Look through the entries below. Report each line that has the word "Cream" in it.

Stored entries

====

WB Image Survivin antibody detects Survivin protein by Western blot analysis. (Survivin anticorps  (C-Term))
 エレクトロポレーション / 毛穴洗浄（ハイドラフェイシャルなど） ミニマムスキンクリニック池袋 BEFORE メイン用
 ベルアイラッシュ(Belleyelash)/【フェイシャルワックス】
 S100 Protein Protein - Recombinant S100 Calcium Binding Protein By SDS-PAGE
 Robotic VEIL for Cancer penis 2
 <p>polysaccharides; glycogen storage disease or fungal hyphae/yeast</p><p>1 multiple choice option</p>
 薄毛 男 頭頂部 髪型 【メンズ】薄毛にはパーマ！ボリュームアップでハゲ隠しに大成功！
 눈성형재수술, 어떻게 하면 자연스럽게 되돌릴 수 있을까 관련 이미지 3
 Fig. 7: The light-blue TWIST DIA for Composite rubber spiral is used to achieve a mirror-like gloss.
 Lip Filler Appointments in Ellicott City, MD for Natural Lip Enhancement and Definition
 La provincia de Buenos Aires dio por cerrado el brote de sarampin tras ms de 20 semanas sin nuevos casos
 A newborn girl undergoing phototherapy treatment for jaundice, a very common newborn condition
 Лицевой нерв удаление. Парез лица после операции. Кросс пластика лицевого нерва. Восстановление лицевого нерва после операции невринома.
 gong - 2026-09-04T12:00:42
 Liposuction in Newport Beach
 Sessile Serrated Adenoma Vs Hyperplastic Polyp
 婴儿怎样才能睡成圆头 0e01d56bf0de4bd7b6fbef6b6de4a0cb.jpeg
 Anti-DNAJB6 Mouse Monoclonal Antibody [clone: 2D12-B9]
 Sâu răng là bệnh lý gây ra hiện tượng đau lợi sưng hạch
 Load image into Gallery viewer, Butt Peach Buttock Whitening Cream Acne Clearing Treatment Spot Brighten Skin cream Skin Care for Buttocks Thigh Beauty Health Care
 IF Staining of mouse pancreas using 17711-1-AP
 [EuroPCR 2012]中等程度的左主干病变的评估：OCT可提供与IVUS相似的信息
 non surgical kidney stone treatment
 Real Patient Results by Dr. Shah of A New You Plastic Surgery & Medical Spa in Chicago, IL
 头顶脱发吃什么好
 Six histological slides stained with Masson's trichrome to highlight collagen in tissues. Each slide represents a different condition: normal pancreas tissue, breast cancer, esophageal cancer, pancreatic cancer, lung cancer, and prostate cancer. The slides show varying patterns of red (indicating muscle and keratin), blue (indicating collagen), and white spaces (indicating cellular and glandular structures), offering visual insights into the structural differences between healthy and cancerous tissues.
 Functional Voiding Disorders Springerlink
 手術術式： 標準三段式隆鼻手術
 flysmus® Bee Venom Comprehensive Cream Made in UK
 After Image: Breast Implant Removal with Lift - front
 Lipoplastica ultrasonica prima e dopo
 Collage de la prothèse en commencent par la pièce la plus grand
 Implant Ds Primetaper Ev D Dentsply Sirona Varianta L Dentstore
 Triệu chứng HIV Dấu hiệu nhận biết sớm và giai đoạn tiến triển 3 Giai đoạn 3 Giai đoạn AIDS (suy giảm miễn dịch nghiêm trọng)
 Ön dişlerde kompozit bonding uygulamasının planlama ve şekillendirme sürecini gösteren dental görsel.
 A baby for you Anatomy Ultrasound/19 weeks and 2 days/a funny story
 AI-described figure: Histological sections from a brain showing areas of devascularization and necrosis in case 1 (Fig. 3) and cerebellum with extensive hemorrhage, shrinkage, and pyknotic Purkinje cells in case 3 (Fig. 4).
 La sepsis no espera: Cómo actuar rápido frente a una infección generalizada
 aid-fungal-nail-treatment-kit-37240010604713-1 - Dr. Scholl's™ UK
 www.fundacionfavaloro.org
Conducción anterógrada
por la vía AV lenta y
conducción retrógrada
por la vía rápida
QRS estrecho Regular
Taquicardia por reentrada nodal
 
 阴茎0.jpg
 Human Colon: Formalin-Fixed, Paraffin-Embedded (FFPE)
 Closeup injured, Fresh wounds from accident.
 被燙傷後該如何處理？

====

__SOLUTION TO THE PROBLEM__
 Load image into Gallery viewer, Butt Peach Buttock Whitening Cream Acne Clearing Treatment Spot Brighten Skin cream Skin Care for Buttocks Thigh Beauty Health Care
 flysmus® Bee Venom Comprehensive Cream Made in UK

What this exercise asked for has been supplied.